**EXERCISE INPUT:**
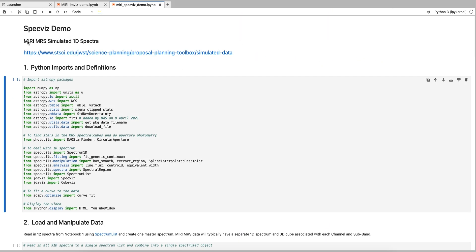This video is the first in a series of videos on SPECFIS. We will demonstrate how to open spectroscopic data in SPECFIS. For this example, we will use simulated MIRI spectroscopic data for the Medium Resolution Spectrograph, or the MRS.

...

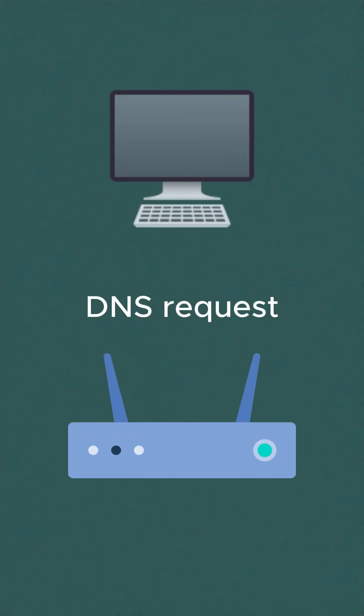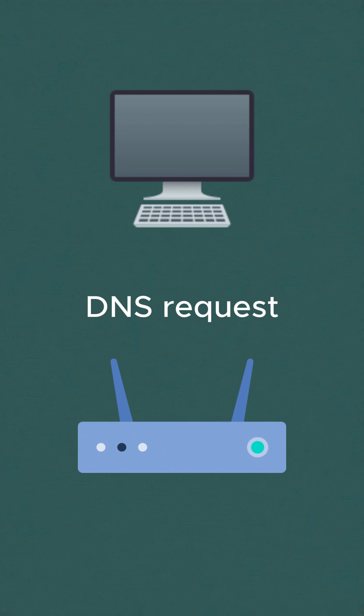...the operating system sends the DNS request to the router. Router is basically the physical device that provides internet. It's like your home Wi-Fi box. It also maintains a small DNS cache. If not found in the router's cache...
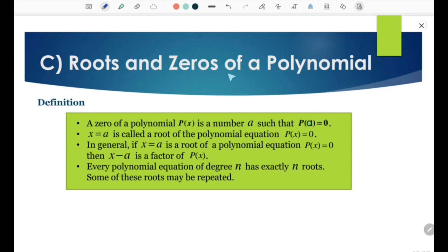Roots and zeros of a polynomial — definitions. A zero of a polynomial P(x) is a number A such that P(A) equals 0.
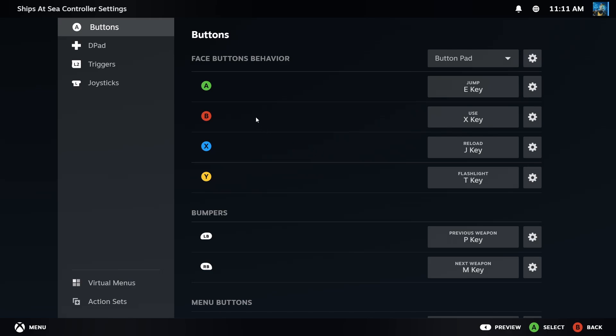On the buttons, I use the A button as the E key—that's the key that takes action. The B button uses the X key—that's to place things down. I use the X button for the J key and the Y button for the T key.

--

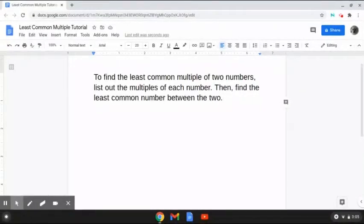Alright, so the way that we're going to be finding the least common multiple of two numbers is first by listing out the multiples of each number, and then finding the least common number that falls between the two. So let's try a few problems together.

**PROBLEM DETAILS:** Copy only these lines from the records above, exactly: the one with "the router's cache...", the one with "On the buttons, I", and those between. Skip the pictures.

**RESULT OF THE EXERCISE:**
...the operating system sends the DNS request to the router. Router is basically the physical device that provides internet. It's like your home Wi-Fi box. It also maintains a small DNS cache. If not found in the router's cache...
Roots and zeros of a polynomial — definitions. A zero of a polynomial P(x) is a number A such that P(A) equals 0.
On the buttons, I use the A button as the E key—that's the key that takes action. The B button uses the X key—that's to place things down. I use the X button for the J key and the Y button for the T key.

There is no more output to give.